I grew up all over the US – my mom’s family are wheat & cattle farmers in Oklahoma, so I spent a number of summers working on farms. After high school in Denver, Colorado, I attended the US Merchant Marine Academy in New York and received my degree in power plant systems. I joined GE in 1999 when Jack Welch was still the CEO and spent roughly 10 years in commercial roles and 12 years in operations roles: commercial operations, sales, quality, and marketing. I earned my MBA from Penn State in 2005. Basically, I grew up in GE. Most of the roles were in the US West sub-region.
- Can you describe your current role as the Value Stream Leader for Projects? What does a typical day look like?

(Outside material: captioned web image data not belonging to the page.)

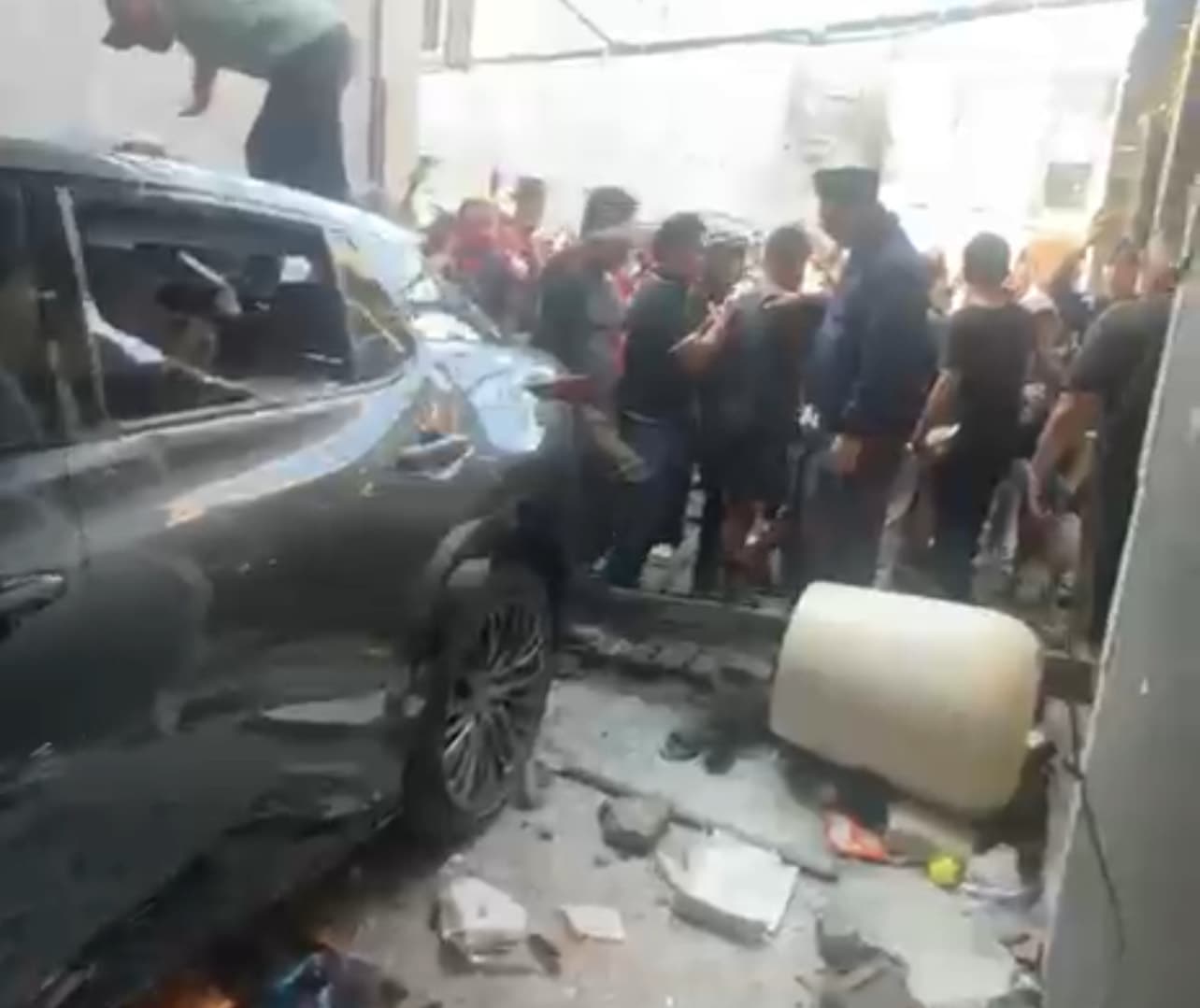 Rumah Ahmad Sahroni di Tanjung Priok Diamuk Massa, Satu Unit Mobil Hancur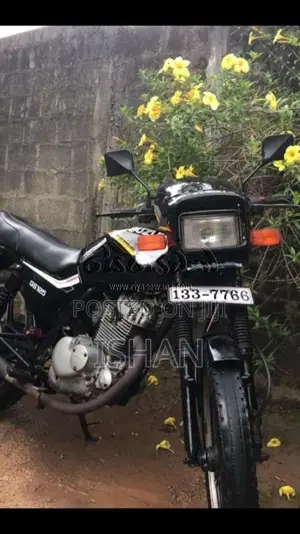 Suzuki GS125 1990 Motorbike (Used)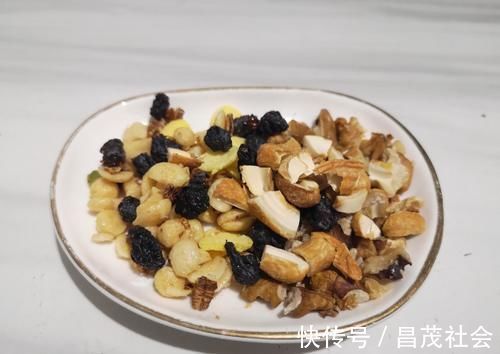 家有烤箱的一定要试试，不用打发，简单搅拌就能做的蛋糕，太香了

As the VS Projects Leader, I lead the overall Live Outage effort. Live Outage is all about looking across tooling, material handling, craft standard work and finding a way to deliver our outages with less waste. We start with a given technology and scope of work, take it apart, find the significant waste, and put it back together again. We are also building and rolling out the software, connectivity, and systems to deliver standard work on every outage. A typical day is pretty call heavy … software platform work, a lot of people tasks (hiring, coaching, et.al.), and working with our cross-functional teams to solve problems that will enable us to succeed.

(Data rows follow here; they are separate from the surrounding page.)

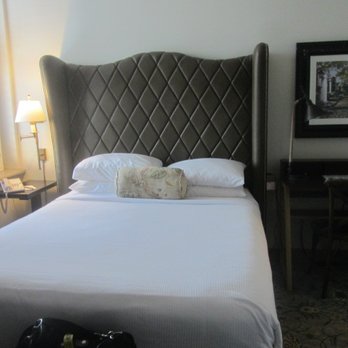 Andrew Pinckney Inn - Queen bed room - Hotels Near Me - Charleston, South Carolina Andrew Pinckney Inn - Queen bed room - Hotels Near Me - Charleston, South Carolina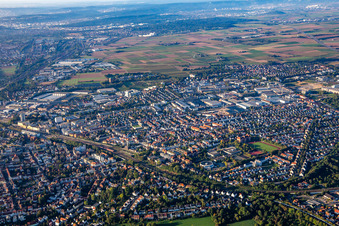 Vue aérienne de Du nord-est à Ludwigsburg dans le département Bade-Wurtemberg, Allemagne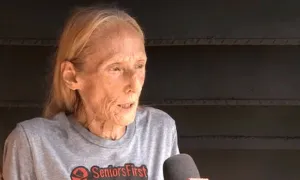 Người phụ nữ cắn pitbull cứu chó cưng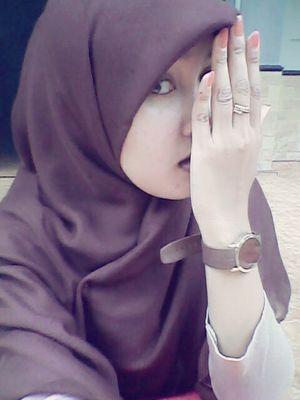 AmeliaKikiRizqi's profile picture. kejujuran memang menyakitkan.. namun akan indah saat kita lakukan dengan baik..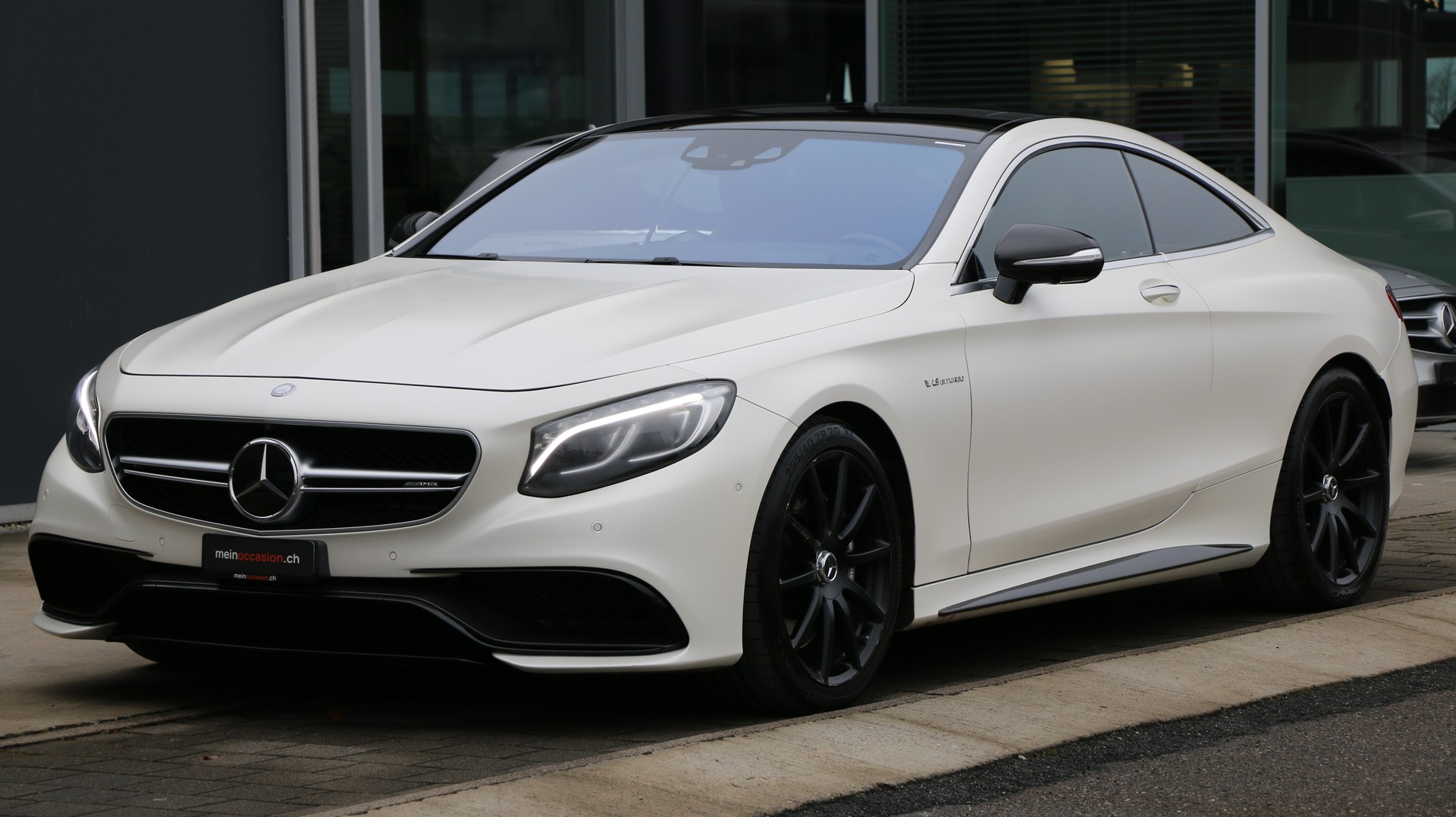 Mercedes-Benz S 63 AMG 4Matic (2015) - fotografia 2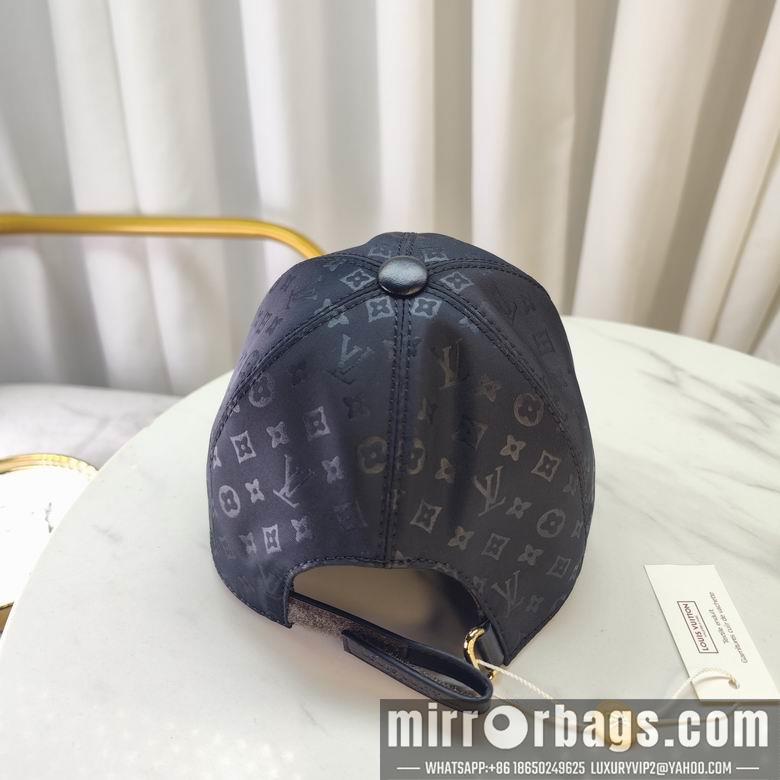 LV Hat dxn20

- What do you like about this new role? What’s challenging about it?
The thing I like most is the opportunity to make meaningful change … and the fact that we are really pioneering value stream thinking for outage improvement. There is nothing we can’t touch or improve … everything is on the table! The most challenging part is managing expectations across lots of enthusiastic stakeholders.
- More broadly, what have you liked about working in FieldCore? How is it unique/different?

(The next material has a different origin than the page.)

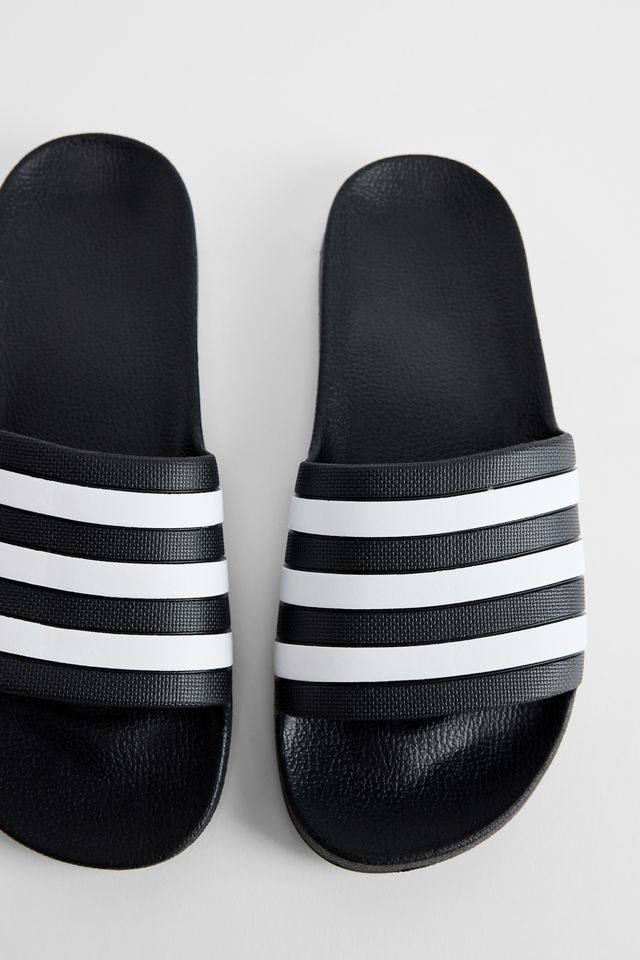 Chanclas Adilette Negras y Blancas de adidas #3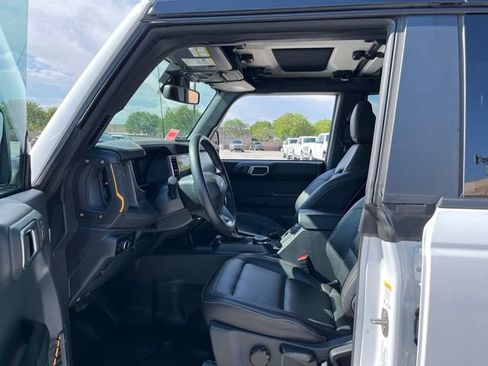 Used 2024 Ford Bronco Badlands AWD/4WD image 12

I really enjoy the opportunity to focus on execution. I also have enjoyed being a part of something new. We have had many opportunities to rethink things and change. And we are still doing that every day!
- What’s the best advice you’ve been given in your career?
That’s a tough question. I think there are a lot of things to take into consideration when talking about career; it’s so multidimensional. And we could probably have a good long coffee shop/bookstore chat about it and still not get to important parts. That said, here are a couple of things. Maybe 25 years ago, a mentor of mine condensed evaluating people down to four things: attitude, communication, experience, and judgement. While that doesn’t cover it all, it really does still feel so relevant today. Also: stay humble, read more, stay on your toes (not back on your heels), surround yourself with solid performers, and strive for excellence.
- When you’re not working, where can you be found? What do you like to do?
I’ve been married 25 years this year! We have three kids. The two older boys do Brazilian jui jitsu and I do it with them several times a week. I enjoy anything outdoors, but also love to read … and argue about politics and religion! There’s really not enough time to do all the things I would like to do!